Noutro plano, a responsável afirma que os trabalhos deram visibilidade ao papel da mulher na Igreja. "Isso é sinal de uma grande esperança”, diz, argumentando. “Muitas vezes, nós somos a maioria, mas somos invisíveis. Ao trazer esse tema aqui para o Sínodo e ser debatido, a gente já começa sentindo essa esperança muito grande”, sublinha.

Para a presidente do Conselho Nacional do Laicado Brasileiro, a primeira sessão da XVI Assembleia Geral Ordinária do Sínodo dos Bispos que agora terminou em Roma reforçou a importância de termos “uma Igreja para todos”.

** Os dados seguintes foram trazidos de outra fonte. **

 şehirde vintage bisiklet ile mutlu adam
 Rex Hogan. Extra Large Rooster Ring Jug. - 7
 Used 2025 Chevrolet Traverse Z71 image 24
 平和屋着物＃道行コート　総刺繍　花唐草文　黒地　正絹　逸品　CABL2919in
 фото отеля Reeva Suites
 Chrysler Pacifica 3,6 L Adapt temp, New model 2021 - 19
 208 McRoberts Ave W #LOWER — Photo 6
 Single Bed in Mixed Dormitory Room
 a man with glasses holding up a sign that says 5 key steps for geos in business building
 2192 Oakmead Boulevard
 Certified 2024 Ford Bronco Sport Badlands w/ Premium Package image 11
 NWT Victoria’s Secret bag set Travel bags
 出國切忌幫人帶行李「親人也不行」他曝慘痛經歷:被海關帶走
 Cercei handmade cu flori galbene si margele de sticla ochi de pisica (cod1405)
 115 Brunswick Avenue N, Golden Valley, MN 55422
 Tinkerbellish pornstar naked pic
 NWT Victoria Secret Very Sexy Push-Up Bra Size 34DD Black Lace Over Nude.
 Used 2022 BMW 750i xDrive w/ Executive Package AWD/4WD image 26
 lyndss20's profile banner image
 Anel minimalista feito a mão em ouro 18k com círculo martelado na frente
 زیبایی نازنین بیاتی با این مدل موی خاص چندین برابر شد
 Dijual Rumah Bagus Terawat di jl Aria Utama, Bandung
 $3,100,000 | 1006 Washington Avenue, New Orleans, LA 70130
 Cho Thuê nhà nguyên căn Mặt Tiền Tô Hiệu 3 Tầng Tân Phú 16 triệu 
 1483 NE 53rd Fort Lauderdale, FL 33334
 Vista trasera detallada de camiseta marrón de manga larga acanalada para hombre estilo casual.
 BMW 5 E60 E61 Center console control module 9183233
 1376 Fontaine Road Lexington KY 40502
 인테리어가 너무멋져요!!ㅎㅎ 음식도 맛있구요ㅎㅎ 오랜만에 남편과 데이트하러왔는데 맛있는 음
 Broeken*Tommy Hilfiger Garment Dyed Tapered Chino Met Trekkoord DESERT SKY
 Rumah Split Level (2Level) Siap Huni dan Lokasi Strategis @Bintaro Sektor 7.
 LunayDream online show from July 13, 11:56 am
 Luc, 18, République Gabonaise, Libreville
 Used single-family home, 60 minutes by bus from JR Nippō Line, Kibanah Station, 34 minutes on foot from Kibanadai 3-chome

“Jesus não fez distinção de raça, de cor, de pessoas, de credo e nem de orientação. Então, a Igreja que a gente vê apontada hoje pelo Papa Francisco como essa igreja sinodal e que ele tenta nos encantar, nos animar para vivenciar, é essa Igreja onde há espaço para todos, todos, todos”, reforça.

Para Sónia Gomes Oliveira “ouvir a voz do Espírito foi o ponto central da primeira sessão do Sínodo" e isso permitiu aliviar “a tensão que existiu e existiu” durante os trabalhos.


Viveu esta experiência inédita de um Sínodo de mesas-redondas, em que foi possível debater e conversar, todos ao mesmo nível, sobre os temas da sinodalidade, da comunhão e da participação. O que representou esta experiência para si?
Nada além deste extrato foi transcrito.